1) Frequency of the motion: Think of a sine wave. Some people cannot tolerate a slow wave action, whereas others get sick when the wave action is sharper. Think of a slow rocking of the sea vs the wave action on a boat during storm.

The same idea translates to a vehicles suspension. My wife and kid could not tolerate the suspension in my Ford Raptor. It had a pretty cushy almost wallow(y) plushness to it. In comparison the Grenadier is much firmer.

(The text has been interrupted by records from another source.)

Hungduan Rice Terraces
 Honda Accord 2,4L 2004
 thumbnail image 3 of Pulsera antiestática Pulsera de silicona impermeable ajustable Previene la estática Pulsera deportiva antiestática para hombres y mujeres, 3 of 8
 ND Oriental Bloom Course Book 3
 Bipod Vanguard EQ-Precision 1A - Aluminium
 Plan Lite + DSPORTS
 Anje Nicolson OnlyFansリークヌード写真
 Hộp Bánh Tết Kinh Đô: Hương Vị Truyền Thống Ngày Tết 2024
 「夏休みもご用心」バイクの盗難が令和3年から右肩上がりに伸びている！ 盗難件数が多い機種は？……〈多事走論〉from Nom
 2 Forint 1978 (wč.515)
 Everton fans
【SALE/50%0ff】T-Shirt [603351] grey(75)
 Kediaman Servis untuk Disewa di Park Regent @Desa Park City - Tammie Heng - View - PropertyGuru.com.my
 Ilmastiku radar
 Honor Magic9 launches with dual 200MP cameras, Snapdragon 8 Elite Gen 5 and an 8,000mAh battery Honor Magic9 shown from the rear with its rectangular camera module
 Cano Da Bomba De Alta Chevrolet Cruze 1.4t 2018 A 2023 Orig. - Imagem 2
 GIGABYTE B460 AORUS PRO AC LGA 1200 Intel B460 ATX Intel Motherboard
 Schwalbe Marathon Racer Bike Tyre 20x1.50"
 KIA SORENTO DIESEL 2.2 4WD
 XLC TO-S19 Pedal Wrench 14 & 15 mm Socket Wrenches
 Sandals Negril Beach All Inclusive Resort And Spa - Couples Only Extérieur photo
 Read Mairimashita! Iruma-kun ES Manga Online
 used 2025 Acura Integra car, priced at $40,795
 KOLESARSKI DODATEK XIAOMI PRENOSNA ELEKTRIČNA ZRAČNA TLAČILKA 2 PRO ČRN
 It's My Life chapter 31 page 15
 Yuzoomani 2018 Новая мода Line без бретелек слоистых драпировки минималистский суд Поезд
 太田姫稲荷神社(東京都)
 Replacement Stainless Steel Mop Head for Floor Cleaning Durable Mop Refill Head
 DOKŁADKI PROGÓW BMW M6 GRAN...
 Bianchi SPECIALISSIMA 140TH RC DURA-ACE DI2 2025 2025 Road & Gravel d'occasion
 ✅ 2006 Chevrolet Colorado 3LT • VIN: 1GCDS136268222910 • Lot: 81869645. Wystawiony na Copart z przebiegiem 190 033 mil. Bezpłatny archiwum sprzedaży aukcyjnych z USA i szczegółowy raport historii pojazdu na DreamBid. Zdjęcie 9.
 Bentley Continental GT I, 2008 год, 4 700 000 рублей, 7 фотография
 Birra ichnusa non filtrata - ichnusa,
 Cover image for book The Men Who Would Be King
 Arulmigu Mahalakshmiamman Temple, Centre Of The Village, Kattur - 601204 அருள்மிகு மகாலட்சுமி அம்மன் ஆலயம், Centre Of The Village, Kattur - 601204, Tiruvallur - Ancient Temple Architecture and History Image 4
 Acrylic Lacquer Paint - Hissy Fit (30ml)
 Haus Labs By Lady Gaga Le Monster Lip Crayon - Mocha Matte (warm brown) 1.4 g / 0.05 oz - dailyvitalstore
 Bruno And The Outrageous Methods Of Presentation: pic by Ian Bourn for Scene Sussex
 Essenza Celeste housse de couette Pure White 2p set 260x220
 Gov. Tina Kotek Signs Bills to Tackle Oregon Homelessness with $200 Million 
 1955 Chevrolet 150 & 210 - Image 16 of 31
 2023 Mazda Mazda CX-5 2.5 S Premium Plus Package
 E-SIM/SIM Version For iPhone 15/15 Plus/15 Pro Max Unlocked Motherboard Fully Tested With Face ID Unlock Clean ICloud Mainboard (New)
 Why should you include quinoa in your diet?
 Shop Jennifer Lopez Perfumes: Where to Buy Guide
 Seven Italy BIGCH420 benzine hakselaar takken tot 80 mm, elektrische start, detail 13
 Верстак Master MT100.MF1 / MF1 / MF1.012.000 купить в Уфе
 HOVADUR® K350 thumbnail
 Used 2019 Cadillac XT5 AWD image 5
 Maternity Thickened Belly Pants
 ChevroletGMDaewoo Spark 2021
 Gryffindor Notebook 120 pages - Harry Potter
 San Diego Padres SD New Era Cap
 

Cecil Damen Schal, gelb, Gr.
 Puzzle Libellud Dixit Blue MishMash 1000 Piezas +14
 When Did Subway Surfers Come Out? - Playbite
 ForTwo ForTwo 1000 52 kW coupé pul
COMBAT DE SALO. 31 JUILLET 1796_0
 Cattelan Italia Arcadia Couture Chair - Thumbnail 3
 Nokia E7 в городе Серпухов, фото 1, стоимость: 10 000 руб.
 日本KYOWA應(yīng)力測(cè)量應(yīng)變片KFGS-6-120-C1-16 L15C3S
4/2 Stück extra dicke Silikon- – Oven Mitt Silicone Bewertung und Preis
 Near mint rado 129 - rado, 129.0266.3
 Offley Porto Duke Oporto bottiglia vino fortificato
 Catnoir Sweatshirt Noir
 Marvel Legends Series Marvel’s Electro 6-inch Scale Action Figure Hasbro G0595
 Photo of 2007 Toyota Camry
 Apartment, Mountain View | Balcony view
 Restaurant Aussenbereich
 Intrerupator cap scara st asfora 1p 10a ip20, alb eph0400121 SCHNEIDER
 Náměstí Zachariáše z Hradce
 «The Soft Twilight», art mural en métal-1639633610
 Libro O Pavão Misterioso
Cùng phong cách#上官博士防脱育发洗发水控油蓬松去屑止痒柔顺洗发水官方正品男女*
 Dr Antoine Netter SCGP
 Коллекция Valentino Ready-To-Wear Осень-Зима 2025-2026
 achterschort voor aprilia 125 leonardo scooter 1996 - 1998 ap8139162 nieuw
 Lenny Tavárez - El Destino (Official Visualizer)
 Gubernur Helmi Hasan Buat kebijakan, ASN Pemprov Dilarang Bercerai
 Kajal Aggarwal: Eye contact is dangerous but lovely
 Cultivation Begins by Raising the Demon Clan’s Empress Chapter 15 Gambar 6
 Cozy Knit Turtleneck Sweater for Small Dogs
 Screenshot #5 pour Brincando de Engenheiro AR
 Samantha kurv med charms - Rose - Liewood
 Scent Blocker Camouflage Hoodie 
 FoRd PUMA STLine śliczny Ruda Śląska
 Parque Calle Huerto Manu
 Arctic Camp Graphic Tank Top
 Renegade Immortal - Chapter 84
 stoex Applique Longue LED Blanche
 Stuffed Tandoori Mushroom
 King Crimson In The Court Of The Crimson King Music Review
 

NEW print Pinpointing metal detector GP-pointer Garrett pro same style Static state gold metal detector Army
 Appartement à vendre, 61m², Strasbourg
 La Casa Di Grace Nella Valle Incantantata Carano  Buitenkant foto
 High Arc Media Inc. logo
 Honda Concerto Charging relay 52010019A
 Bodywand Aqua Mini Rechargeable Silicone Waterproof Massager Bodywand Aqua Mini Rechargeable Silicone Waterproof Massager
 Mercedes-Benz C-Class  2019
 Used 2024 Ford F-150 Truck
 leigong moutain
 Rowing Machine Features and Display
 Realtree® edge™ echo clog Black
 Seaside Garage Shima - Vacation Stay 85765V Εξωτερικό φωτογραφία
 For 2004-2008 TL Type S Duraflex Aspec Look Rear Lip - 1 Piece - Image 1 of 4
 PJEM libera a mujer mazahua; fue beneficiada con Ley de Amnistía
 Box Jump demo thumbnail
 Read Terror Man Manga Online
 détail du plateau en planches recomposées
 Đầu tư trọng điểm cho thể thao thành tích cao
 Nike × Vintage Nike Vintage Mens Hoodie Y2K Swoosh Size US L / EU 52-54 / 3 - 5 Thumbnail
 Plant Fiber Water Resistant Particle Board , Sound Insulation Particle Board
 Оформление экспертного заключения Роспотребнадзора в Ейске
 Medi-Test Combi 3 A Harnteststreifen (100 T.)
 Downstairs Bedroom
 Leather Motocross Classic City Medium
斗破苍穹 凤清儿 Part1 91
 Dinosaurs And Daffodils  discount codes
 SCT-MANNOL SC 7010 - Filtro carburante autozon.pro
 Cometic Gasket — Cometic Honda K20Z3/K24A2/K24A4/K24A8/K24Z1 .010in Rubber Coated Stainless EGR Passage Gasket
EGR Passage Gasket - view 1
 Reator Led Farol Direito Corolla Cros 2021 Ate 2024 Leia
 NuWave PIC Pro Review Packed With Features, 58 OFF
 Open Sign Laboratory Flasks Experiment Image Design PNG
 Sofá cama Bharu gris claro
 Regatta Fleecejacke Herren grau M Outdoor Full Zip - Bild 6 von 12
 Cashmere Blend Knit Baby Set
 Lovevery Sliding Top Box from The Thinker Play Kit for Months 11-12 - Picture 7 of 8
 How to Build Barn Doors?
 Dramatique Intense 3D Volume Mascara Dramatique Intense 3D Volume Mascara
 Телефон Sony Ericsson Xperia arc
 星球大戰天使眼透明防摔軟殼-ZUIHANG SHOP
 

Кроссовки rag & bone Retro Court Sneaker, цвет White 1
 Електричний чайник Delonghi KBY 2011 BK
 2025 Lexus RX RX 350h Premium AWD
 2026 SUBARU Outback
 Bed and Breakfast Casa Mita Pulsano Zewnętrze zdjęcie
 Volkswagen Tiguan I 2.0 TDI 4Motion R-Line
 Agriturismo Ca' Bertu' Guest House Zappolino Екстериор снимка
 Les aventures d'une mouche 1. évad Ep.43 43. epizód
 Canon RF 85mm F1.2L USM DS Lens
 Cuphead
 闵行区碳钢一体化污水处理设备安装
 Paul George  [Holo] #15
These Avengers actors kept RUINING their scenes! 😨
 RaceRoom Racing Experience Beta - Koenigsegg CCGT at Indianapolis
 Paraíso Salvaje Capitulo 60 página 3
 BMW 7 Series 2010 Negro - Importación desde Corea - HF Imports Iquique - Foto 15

2) Vestibular: Body roll around corners is more than other vehicles and the delay in response can affect the senses, since your eyes are seeing one thing but your vestibular system is sensing another. Basically when the truck goes left and the body rolls right, it can start to mess with a persons internal equilibrium when repeated over and over on a curvy road.
 
Is travel sickness a common feature of driving in a Grenadier? I took one for a test drive over varying terrain including a bumpy, windy road and my poor wife developed travel sickness. Of the four other cars we have taken over the same route, only the Grenadier was accompanied by this side effect.

When I was a child, whenever I travelled in our family car I got travel sickness. Dad fixed this by installing a metal impregnated rubber strap that touched the road intermittently. The logic behind this was that static electricity build-up which was inducing the sickness was being discharged to the road by the intermittent touching. I know that jet airliners have probes that point backwards and from the trailing points, static electricity is discharged. This is a real phenomenon and the treatment simple and effective.

Can I have a feeling from other Grenadier drivers about this issue. Is it real and what strategies have you taken to prevent it?
Only when I cannot drive it remotely as much as I would like!
 
Let your wife drive and see if it happens.
And ban her from looking at her phone whilst passengerising, to coin a word.